【備後圏域経済・文化研究センター】文化フォーラム2021「日本古典文学で時空を超える―五七五・七七の世界」を開催予定!
文化フォーラムは、人間文化学科の行事として10年以上実施してきましたが、2021年度からは備後圏域経済・文化研究センターの行事として新たに出発します。人間文化学部の教員スタッフの新たな研究成果を中心に、備後文化の特徴を多角的に解明していきます。このことについて、備後圏域経済・文化研究センター長の青木が紹介します。
2021年度は短歌を主軸に、人間文化学科の日本文学・日本語学・アメリカ文学の教員に、古典文学、日本史、連歌が専門の外部講師を加えて6回の講座(12月は2回、令和4年1月は1回、2月は3回)を、以下の内容で開講します。
第1回は、青木(私)が井伏鱒二の未公開の短歌を取り上げます。これまで井伏の短歌は知られておらず、極めて貴重な資料です。その起源は、井伏の兄の地域での文学活動ともつながると思われ、作家になる前の井伏文学の特徴を明らかにします。
第2回は、広島大学名誉教授の竹村信治氏を講師に、和歌に描かれた備後を取り上げ、幕藩体制で分断される前の備後の景観を明らかにします。
第3回は、備陽史探訪の会会長の田口義之氏を講師に、室町時代に重視された備後の国人領主が京都に滞在して東山文化の担い手となるとともに、最後の将軍・足利義昭が所謂「鞆幕府」を置いたことが地域の文化に与えた影響について明らかにします。
第4回は、連歌の実作に挑戦し、連歌の面白さを体験します。講師の黒岩淳氏は連歌研究者・実作者でもあり、授業で連歌の実践もされ、それを著書で出版もされています。
第5回は、重迫隆司教授を講師に、英訳された和歌・俳句を取り上げて、翻訳されることで見えてくる古語や背後にある気持ちを読み取り、楽しく鑑賞します。
第6回は、脇忠幸准教授を講師に、古来続く「歌会」での「声を合わせる」という行為を取り上げて、古典文学から現代につながるコミュニケーションの問題に迫ります。

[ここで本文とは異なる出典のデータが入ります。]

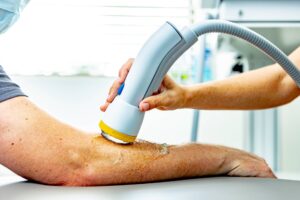 SoftWave Therapy non-invasive treatment for chronic pain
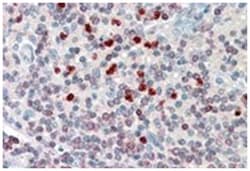 ALOX5AP Goat anti-Human, Polyclonal Antibody, Abnova 100 &mu;g | Buy Online | Abnova Corporation | Fisher Scientific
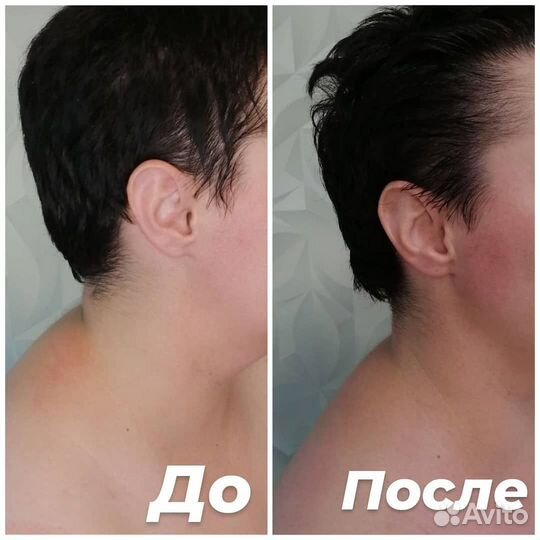 Массаж на дому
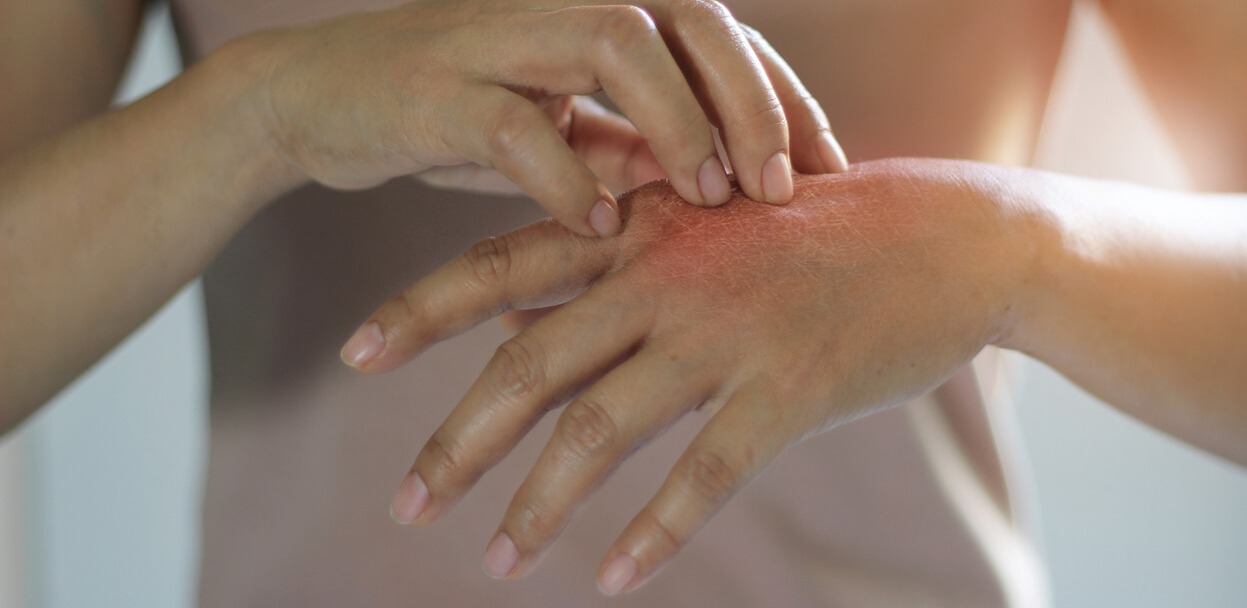 A 71-year-old female came with complaint of itching and eczema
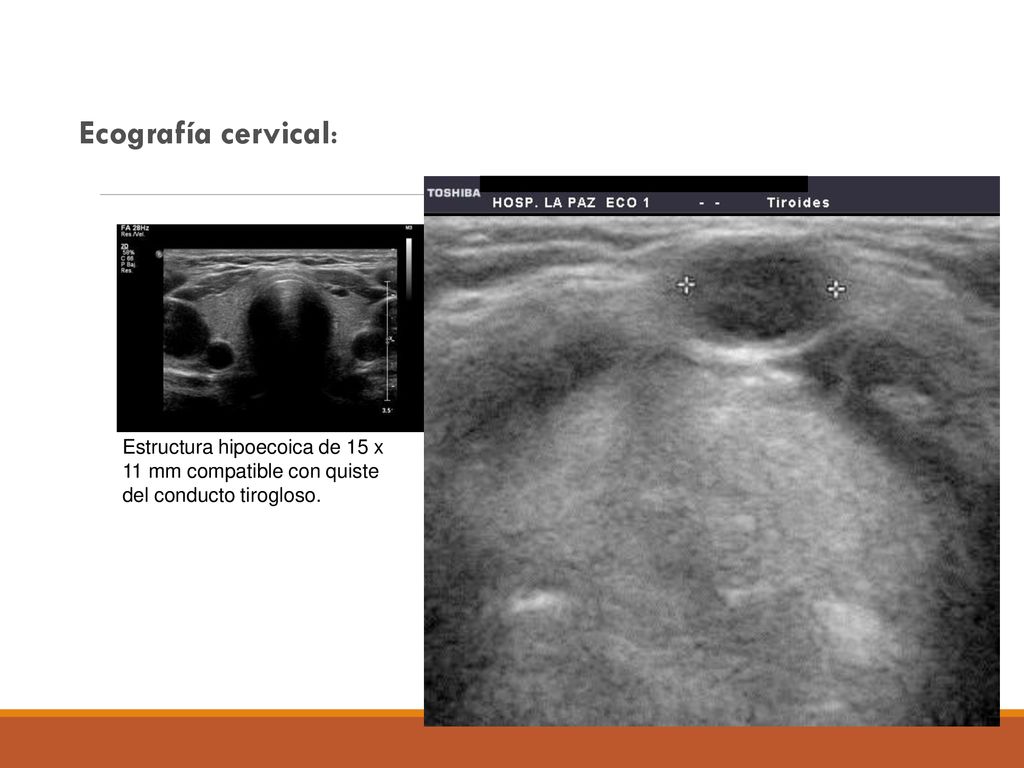 Ecografía cervical: Estructura hipoecoica de 15 x 11 mm compatible con quiste del conducto tirogloso.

学長から一言:人間文化学科の恒例行事であった文化フォーラムが新たに開設された研究センター主催の事業として装いを新たに再出発。和歌や俳句の専門家および造詣の深い本学内外の研究者による6回シリーズの講座は興味深い内容ですね。連歌の実践講座も準備され、歌づくりの体験まで含まれているようです。忙しい日々を送っていらっしゃる皆様も暫し優雅な古典文化の世界に浸ってみられてはいかがでしょう。主催者に成り代わり、多数の方々のご来場をお待ちしています。